The headline is that Claude's thoughts can now be read. It is not Claude confessing what it really thinks. It is a trained translator of sorts. The system takes an activation, turns it into a natural language explanation, then checks whether that explanation can reconstruct the original activation.

Activation, explanation, reconstructed activation. If the reconstruction works, the explanation probably captured something real.

Anthropic reports that these explanations can surface internal content the model did not say out loud like planned rhymes, task strategies, training-data associations, evaluation awareness, and even hidden motivations in intentionally misaligned models, which is pretty impressive if true.

But this is not mind-reading. It is more like an MRI for LLMs with captions.

The captions can be wrong! Anthropic says so directly. NLAs can hallucinate and need corroboration. Though generated captions do not seem to collapse into nonsense. They are coherent, relevant, and useful.

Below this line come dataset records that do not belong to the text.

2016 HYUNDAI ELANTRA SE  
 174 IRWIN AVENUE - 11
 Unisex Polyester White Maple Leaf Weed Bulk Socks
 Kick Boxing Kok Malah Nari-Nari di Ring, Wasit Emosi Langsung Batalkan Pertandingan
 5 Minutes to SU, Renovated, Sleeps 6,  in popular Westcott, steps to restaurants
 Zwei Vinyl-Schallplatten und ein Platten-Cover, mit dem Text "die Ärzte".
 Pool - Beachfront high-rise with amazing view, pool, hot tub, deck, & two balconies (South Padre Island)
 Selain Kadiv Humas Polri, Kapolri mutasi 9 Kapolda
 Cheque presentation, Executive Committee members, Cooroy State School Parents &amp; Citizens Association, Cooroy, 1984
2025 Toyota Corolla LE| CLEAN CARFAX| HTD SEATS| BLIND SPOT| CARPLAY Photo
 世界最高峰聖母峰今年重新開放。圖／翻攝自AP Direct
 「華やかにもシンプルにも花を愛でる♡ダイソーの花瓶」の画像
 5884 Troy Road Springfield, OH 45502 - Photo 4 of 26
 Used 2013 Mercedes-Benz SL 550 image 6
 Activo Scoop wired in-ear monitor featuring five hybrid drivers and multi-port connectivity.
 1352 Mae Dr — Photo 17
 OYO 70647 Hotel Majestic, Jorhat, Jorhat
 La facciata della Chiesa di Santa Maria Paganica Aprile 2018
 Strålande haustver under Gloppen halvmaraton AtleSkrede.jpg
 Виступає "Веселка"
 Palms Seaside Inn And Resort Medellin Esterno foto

Perhaps, this tells us that model internals are not just numerical mush. They appear to contain some structural representation. But just because it happens it does not mean it is truthful. The text can be considered an evidence, but not a confession.

The technology might be moving from hand-labeling to building translators for model cognition, which will make audits more scalable. That could be a significant step forward for AI safety but also fine-tuning and alignment. Though, it all depends on how reliable the decoder is and whether the claims can be verified.